In Re St. Botolph Newbold-on-Avon [2026] ECC Cov 1, the Chancellor refused Mrs Denise Blundell’s application to reserve a grave space for herself and her husband in the churchyard of St Botolph. Mrs Blundell’s mother and sister are buried there, and she argued that being buried near her sister was of profound emotional importance. The aspect of reservation not covered elsewhere is the certification of the estimate underpinning the remaining time for burials. The Chancellor stated [emphasis added]:
[2]. The petition identifies the present rate of burials as seven a year, and that only 25 grave spaces presently remain available. The population of Newbold-on- Avon itself is said to be 1,500 but when combined with the other area covered by the Benefice, that figure becomes 6,000. I must decide whether to grant the application despite the space available in the Churchyard likely to be used up in less than four years.

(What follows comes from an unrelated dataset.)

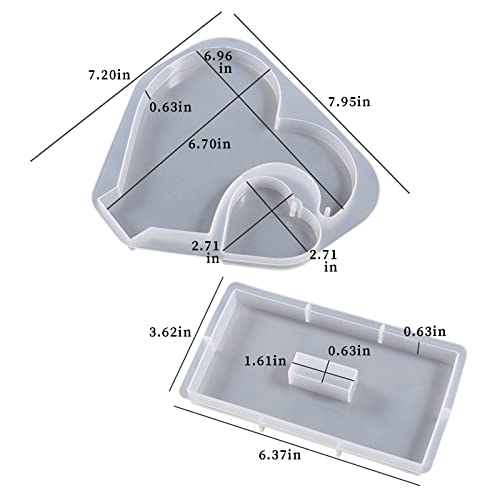 Large Photo Frame Resin Molds, Heart Shape Silicone Molds for Epoxy Resin, DIY Picture Frame Display Unique Mold for Resin Casting Art Crafts Table Wehous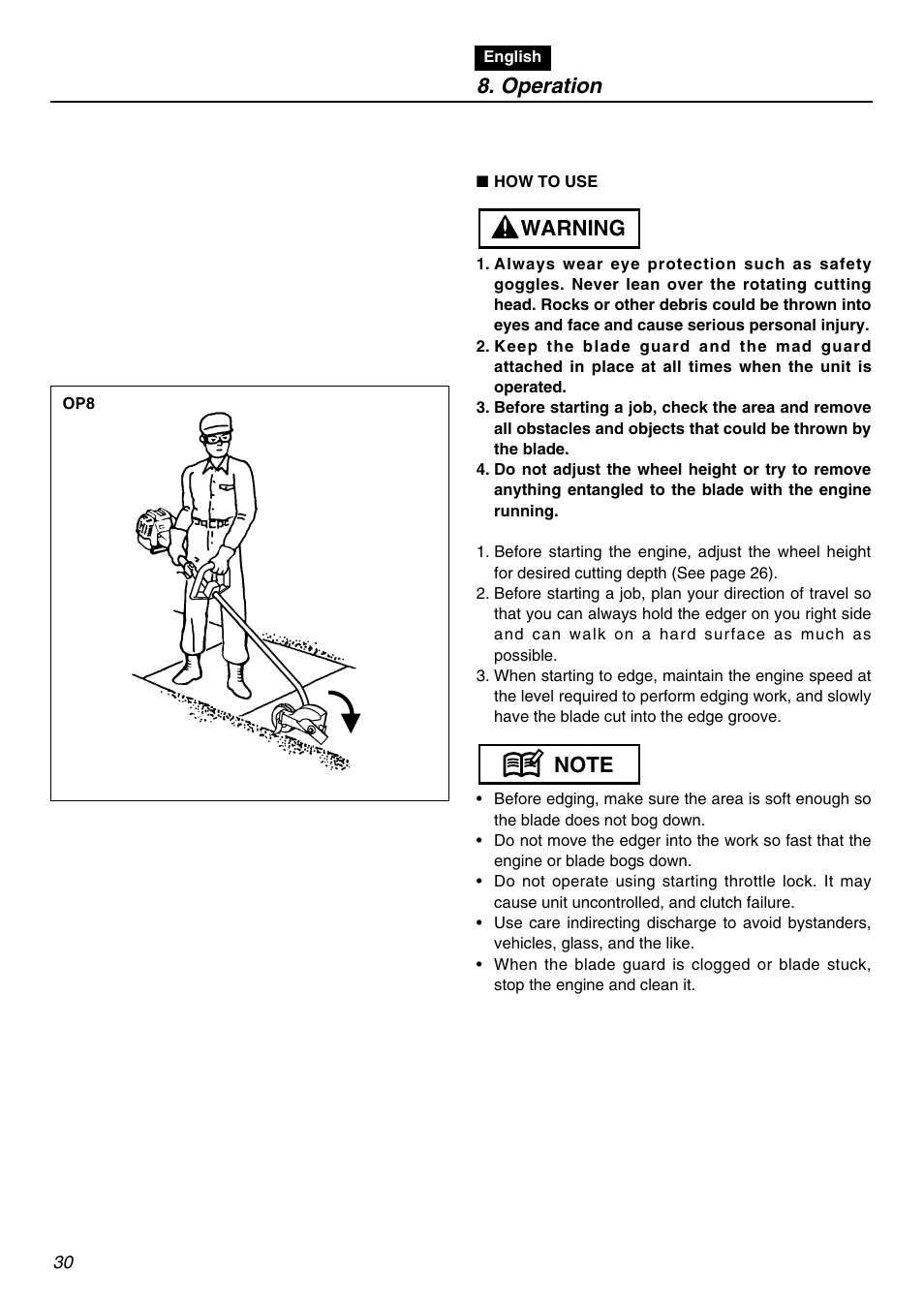 Operation | Zenoah HEZ2610F User Manual | Page 30 / 56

5. (i) [The Incumbent] did sign the petition on 9th September 2025 in the section where the consent […] must be given. Below that signature the Incumbent and both Churchwardens signed the declaration: “We the undersigned, being the Incumbent and Churchwardens of the Parish of Newbold-on-Avon in the Diocese of Coventry DO HEREBY CERTIFY that in our opinion, having regard to the average yearly number of burials in the churchyard of St Botolph, Newbold-on-Avon, aforesaid, the granting of a Faculty to the aforementioned Petitioner(s) will not be detrimental to the rights of the Parishioners”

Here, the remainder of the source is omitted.